I should mention I already do have AQM and fair queuing rules in place so that everyone connected to my network has a good quality of experience. I first noticed these significant latency increases over idle when I was still using fq_codel as my preferred AQM algorithm, but even with my current setup it's not any better (I switched away from fq_codel thinking I may have hit a quirk relating to that algorithm)
What's even stranger to me is that outside of these edge cases, if someone on the network hammers the downstream with say, a Steam download, other people using the network still have a good experience (I say this as I know too well how heavily Steam can easily cripple a typical home network without any AQM and fair queuing). Most other applications that download lots of data are also fine outside of this.

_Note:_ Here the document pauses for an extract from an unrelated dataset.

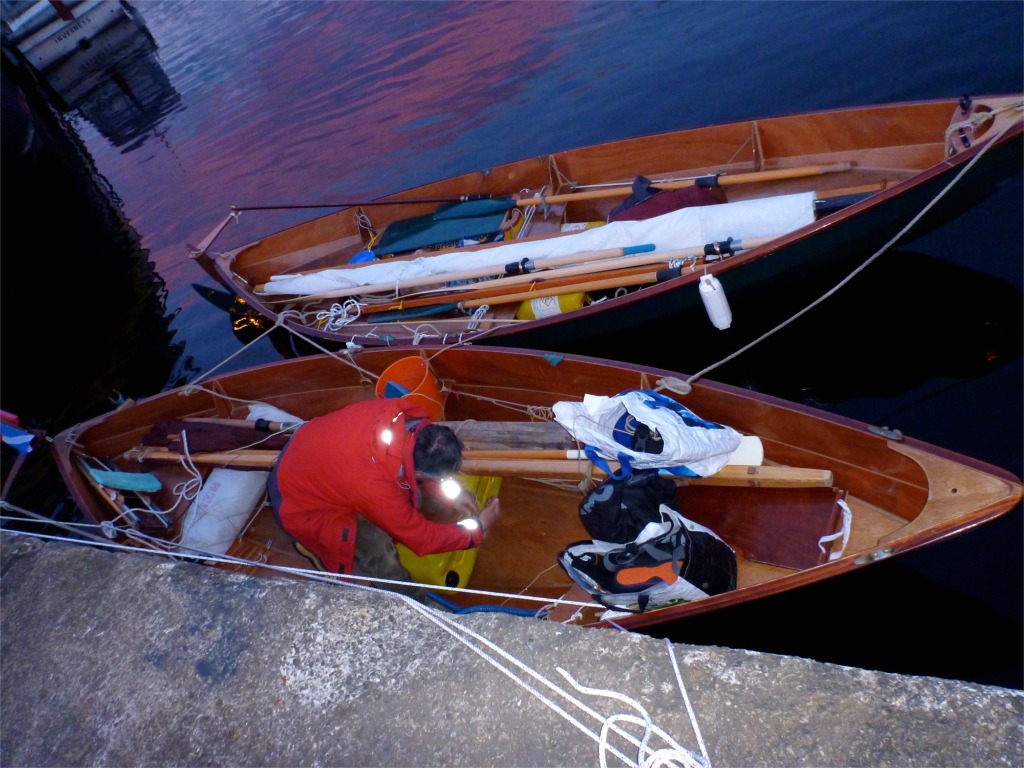 Légende de Didier : « mise à l'eau tardive grâce à la grue de la péniche d'accompagnement, préparation des bateaux et camping à Corpach, écluse canal/Mer du Nord (nous avons manqué la première manche de l'après midi en raison de notre arrivée tardive) ».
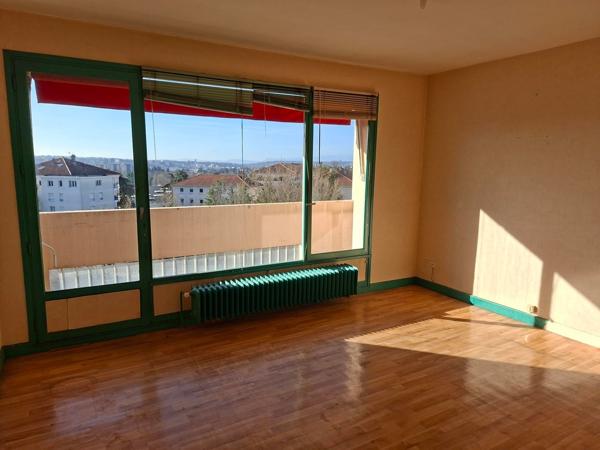 Appartement · Vente Ecully (69130) 4 pièces · 74m²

The heavy latency increases when downloading from Akamai just don't make sense me to me at all, even with the high latency I seem to get to their CDN:
Code: [Select]
traceroute www.crucial.com
traceroute to www.crucial.com (104.84.168.83), 30 hops max, 60 byte packets
1 <redacted> (10.115.101.1) 0.394 ms 0.322 ms 0.306 ms
2 203-219-198-51.tpgi.com.au (203.219.198.51) 8.212 ms 8.083 ms 8.295 ms
3 per-apt-stg-crt1-be100.tpgi.com.au (203.219.57.129) 54.064 ms 54.287 ms 54.156 ms
4 syd-gls-har-crt1-Hu-0-5-0-1.tpg.com.au (202.7.162.133) 55.579 ms 55.604 ms 55.952 ms
5 203-221-3-82.tpgi.com.au (203.221.3.82) 54.010 ms 203-221-3-18.tpgi.com.au (203.221.3.18) 55.510 ms 55.518 ms
6 203-219-106-90.tpgi.com.au (203.219.106.90) 54.171 ms 53.791 ms 53.985 ms
7 ae5.r02.syd01.icn.netarch.akamai.com (23.56.128.38) 55.726 ms 55.216 ms 55.234 ms
8 ae3.r02.per01.icn.netarch.akamai.com (23.214.115.22) 92.233 ms 92.233 ms 92.216 ms
9 ae0.r01.per01.icn.netarch.akamai.com (23.214.115.16) 93.727 ms 93.613 ms 93.992 ms
10 ae4.r02.sin01.icn.netarch.akamai.com (23.214.115.20) 101.614 ms 101.476 ms 100.087 ms
11 ae7.r02.sin02.icn.netarch.akamai.com (23.215.54.215) 101.332 ms 101.198 ms 101.308 ms
12 ae6.r02.hkg02.icn.netarch.akamai.com (23.215.54.138) 193.061 ms 193.147 ms 193.395 ms
13 ae4.r01.hkg03.icn.netarch.akamai.com (23.215.54.153) 133.912 ms 133.269 ms 133.080 ms
14 ae11.r01.hkg03.ien.netarch.akamai.com (23.56.143.43) 154.087 ms ae13.r02.hkg03.ien.netarch.akamai.com (23.56.143.47) 133.296 ms 133.327 ms
15 ae10.cmignc-hkg.netarch.akamai.com (23.56.143.193) 197.989 ms 197.864 ms 197.974 ms
16 * a104-84-168-83.deploy.static.akamaitechnologies.com (104.84.168.83) 191.860 ms 191.969 ms
Of course most high-latency connections that transfer a lot of data don't seem to do the same to my network, either. So I'm really stumped here. Seeing over 40ms of jitter in this extreme case isn't doing anyone on my network anyfavour who may be in the middle of a VoIP call, for instance.
Edit: should probably mention I'm also running OPNsense version 22.7.7_1 (amd64/OpenSSL). Hardware is a Qotom Q710G4: Intel Celeron J3455E, with 4 x Intel Gigabit NICs, and a 250GB Crucial MX500 SSD.